Cleanroom Software Engineering Reference
November 1996 • Technical Report
Richard C. Linger (Oak Ridge National Laboratory), Carmen J. Trammell
This report defines the Cleanroom Software Engineering Reference Model (CRM), which is intended as a guide for Cleanroom project management and performance, process assessment and improvement, and technology transfer and adoption.
Publisher:
Software Engineering Institute
CMU/SEI Report Number
CMU/SEI-96-TR-022
DOI (Digital Object Identifier):
10.1184/R1/6572228.v1Abstract
Cleanroom software engineering is a theory-based team-oriented process for development and certification of high-reliability software systems under statistical quality control.
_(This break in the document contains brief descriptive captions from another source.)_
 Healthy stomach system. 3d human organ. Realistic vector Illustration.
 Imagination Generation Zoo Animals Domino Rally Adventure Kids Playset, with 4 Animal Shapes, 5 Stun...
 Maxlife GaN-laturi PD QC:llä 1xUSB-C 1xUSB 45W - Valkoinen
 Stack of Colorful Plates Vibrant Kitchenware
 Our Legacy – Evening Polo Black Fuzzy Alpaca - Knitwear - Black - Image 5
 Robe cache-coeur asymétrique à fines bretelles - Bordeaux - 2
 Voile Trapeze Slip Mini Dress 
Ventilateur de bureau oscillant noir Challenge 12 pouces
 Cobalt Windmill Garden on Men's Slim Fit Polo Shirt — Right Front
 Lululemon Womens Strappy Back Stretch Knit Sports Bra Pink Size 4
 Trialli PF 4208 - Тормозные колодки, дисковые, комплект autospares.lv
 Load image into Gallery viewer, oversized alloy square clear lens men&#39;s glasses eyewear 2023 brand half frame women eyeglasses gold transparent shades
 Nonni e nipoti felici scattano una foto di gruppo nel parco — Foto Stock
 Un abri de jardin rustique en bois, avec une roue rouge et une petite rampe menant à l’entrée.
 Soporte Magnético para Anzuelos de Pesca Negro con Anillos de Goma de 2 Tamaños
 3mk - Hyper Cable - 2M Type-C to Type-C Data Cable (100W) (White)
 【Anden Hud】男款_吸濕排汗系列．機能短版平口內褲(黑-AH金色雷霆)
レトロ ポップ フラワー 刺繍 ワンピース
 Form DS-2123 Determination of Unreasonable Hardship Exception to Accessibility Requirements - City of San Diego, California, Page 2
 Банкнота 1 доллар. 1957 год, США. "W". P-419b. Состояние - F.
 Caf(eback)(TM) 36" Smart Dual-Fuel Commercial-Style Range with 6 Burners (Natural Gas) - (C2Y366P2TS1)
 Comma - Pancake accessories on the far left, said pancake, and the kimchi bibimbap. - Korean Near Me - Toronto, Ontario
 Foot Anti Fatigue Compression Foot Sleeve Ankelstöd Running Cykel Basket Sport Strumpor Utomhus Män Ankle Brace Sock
A principal objective of the Cleanroom process is development of software that exhibits zero failures in use. The Cleanroom name is borrowed from hardware Cleanrooms, with their emphasis on rigorous engineering discipline and focus on defect prevention rather than defect removal. Cleanroom combines mathematically based methods of software specification, design, and correctness verification with statistical, usage-based testing to certify software fitness for use. Cleanroom projects have reported substantial gains in quality and productivity.
This report defines the Cleanroom Software Engineering Reference Model, or CRM. The CRM is expressed in terms of a set of 14 Cleanroom processes and 20 work products. It is intended as a guide for Cleanroom project management and performance, process assessment and improvement, and technology transfer and adoption.